Having lived in DC for nearly a decade we were pretty spoiled when it came to a zoo. The National Zoo, free and easily accessible by public transportation, was an easy weekend (even weekday) get away in the city and to top it off, it had two adult giant pandas and their baby cub, Tai Shan. When little Tai Shan was born in 2005, the city went crazy and a 24 hr panda webcam was set up in his enclosure so you could watch every breathtakingly exciting minute of this first few weeks. Except that giant panda’s frankly, while cute, aren’t that interesting. They mostly just lay around and eat bamboo. I hardly ever saw the giant pandas at the national zoo run about, climb a tree or anything remotely that active.
Then we arrived at Chengdu National Giant Panda Breeding Center in China. Let’s just say it was a different story. We arrived at 8am during the morning feeding time and these guys were moving. Climbing trees, exploring their enclosures, destroying bamboo as if the Chinese government had contracted them to clear the land for a new Olympic stadium…all in the name of breakfast. Each and every panda we saw was alert, active and reminiscent of our giant panda’s on steroids. We saw two climb up trees, where one promptly fell asleep. Typical!
The Chengdu National Breeding Center is remarkably successful at panda breeding and we actually saw four panda cubs in the center’s “nursery.” That certainly puts the national zoo to shame. Besides an adorable nursery of baby panda’s the center also has a dozen enclosures of other giant pandas as well as two for the less endangered red panda.

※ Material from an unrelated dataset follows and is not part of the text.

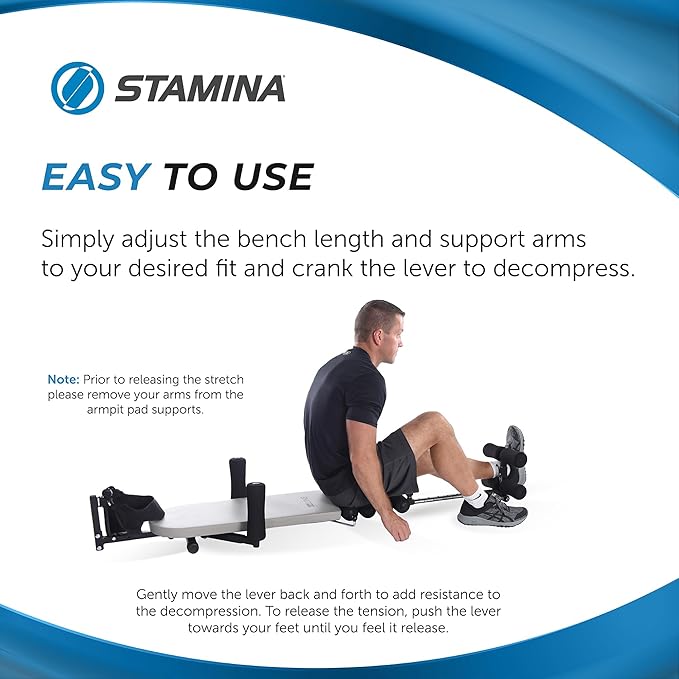 Stamina Inline Back Stretch Bench with Cervical Traction 250 lbs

Besides the Giant Panda Center near Chengdu there is also Wolong Giant Panda Reserve, about 2.5 hours away. In February 2009, Tai Shan was moved from Washington, DC to Wolong, and although we toyed with the idea of paying him a visit, we didn’t get around to it. He’s quite a celebrity in China, Wolong maintains Tai Shan’s “blog” about his daily life and there are articles about his move, the trainers teaching him Chinese and how much the American people miss him. Unfortunately we can’t seem to link to the page outside of China, but if you do a search you might find it! He may lay around all day for all I know, but it looks like he’s in good hands!

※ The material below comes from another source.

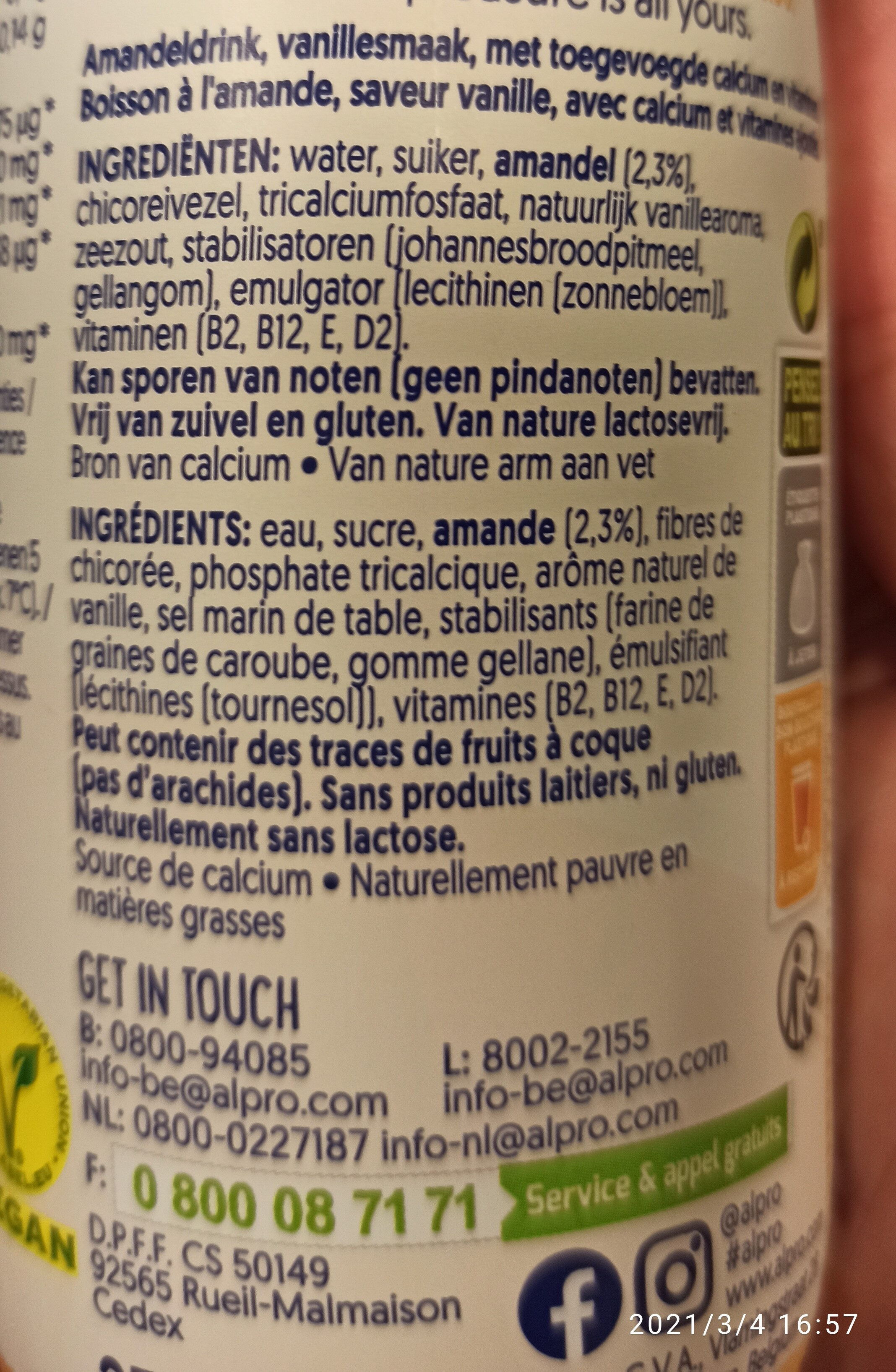 Lait d'Amande a la vanille de madagascar - Ingrediënten - fr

IF YOU GO: Although most hostels have tours (89-99rmb per person), we took a taxi one way to the center (about 30rmb from downtown) and took bus 902 (2rmb) back to town. The entrance fee is 58rmb (no student discount) and its highly advisable to get there before the morning feeding (usually around 9:30) when they are the most active. By the time we left around 10:15 am, they were already noticeably sleepier. The center opens at 7 am and was pretty busy by 9am. The earlier you arrive the better.